Exercise description:
Within the listing that follows, reproduce exactly the lines starting at the line with "Portefeuille BANNED '3 Skulls'" and ending at the line with "Oriental Mosaic in", inclusive, and only those. Pictures are dropped.

Provided information:
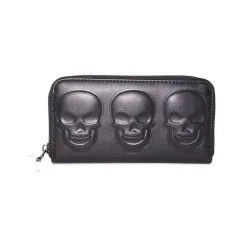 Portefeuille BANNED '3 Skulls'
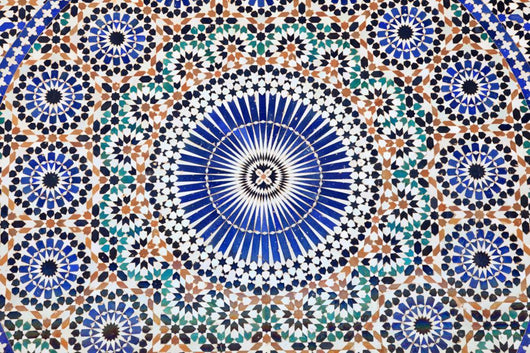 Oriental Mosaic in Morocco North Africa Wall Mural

==

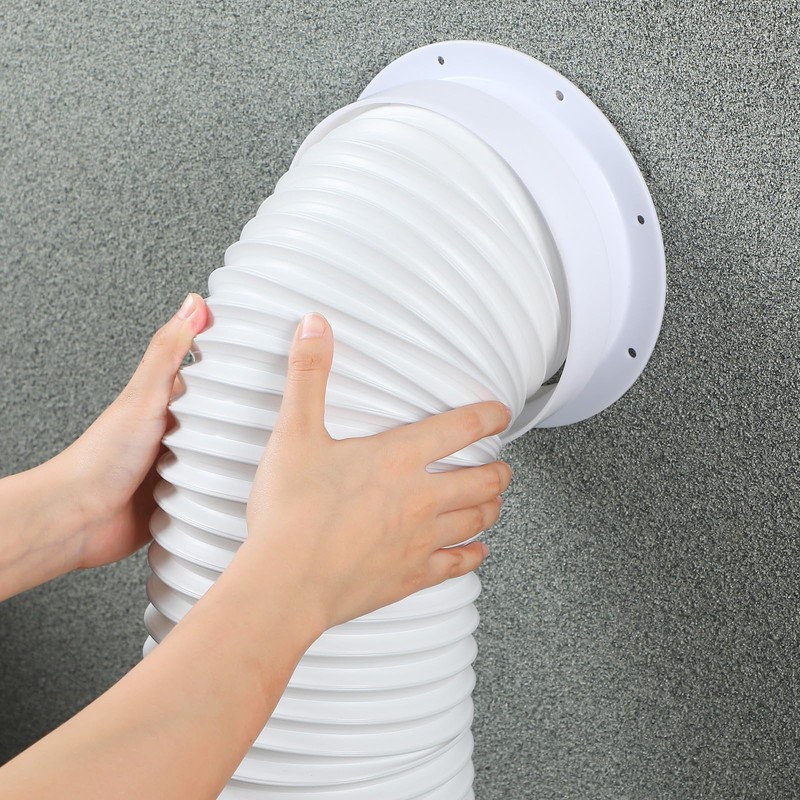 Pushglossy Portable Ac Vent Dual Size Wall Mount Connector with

Exercise result:
 Portefeuille BANNED '3 Skulls'
 Oriental Mosaic in Morocco North Africa Wall Mural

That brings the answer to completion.